# Problem to work on
The following data has a line with "Soyut kalp. Sevgililer günü" and a line with "Flagge Ugandas Postkarte (Vorne/Hinten)". Write out exactly those lines and all the lines between them.

# Listed entries
=== Section Start ===

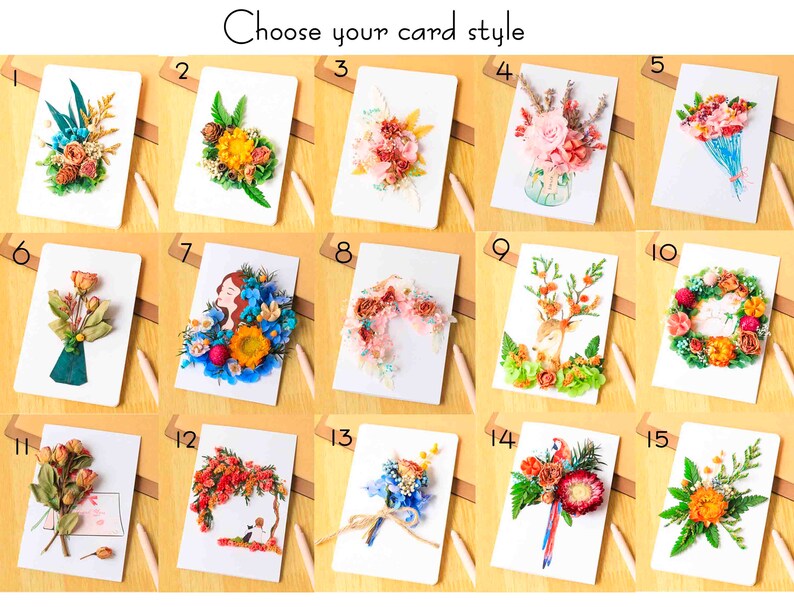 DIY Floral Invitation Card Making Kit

=== Section End ===
=== Section Start ===

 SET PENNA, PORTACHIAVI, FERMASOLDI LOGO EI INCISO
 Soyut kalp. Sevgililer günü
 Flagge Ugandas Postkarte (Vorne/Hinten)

=== Section End ===

# Expected output
 Soyut kalp. Sevgililer günü
 Flagge Ugandas Postkarte (Vorne/Hinten)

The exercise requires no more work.